### TASK TO CARRY OUT
Start your answer with the line containing "Redwood Trees Art, Serene" and end it with the last line of the records below, retyping every line between exactly and adding nothing.

### EXTRACTED DATA
==================================================

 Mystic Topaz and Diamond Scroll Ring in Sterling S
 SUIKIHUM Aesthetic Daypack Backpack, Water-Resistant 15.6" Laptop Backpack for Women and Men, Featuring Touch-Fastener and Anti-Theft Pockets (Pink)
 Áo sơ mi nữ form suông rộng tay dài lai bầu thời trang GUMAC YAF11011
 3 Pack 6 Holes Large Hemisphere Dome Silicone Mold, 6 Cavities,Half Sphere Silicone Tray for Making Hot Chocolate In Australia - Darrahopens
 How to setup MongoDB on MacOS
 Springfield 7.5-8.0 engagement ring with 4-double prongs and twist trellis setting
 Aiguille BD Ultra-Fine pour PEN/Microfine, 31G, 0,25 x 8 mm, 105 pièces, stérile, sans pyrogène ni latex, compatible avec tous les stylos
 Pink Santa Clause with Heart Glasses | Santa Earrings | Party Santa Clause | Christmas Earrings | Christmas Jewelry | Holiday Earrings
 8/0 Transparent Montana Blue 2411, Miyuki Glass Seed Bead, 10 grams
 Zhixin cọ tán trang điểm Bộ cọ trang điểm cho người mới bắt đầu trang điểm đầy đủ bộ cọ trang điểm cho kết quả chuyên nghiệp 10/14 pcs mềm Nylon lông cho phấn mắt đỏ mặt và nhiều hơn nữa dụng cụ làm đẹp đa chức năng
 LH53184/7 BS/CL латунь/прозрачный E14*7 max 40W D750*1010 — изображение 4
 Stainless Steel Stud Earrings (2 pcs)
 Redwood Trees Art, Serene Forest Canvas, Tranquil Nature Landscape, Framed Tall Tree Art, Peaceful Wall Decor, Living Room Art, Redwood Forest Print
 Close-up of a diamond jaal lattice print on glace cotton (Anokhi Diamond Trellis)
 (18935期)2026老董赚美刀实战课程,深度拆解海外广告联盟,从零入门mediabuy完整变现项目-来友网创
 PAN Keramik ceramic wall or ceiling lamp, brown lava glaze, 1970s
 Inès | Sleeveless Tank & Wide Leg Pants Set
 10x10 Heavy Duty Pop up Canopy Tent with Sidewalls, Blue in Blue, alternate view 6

==================================================

### RESPONSE TO THE EXERCISE
 Redwood Trees Art, Serene Forest Canvas, Tranquil Nature Landscape, Framed Tall Tree Art, Peaceful Wall Decor, Living Room Art, Redwood Forest Print
 Close-up of a diamond jaal lattice print on glace cotton (Anokhi Diamond Trellis)
 (18935期)2026老董赚美刀实战课程,深度拆解海外广告联盟,从零入门mediabuy完整变现项目-来友网创
 PAN Keramik ceramic wall or ceiling lamp, brown lava glaze, 1970s
 Inès | Sleeveless Tank & Wide Leg Pants Set
 10x10 Heavy Duty Pop up Canopy Tent with Sidewalls, Blue in Blue, alternate view 6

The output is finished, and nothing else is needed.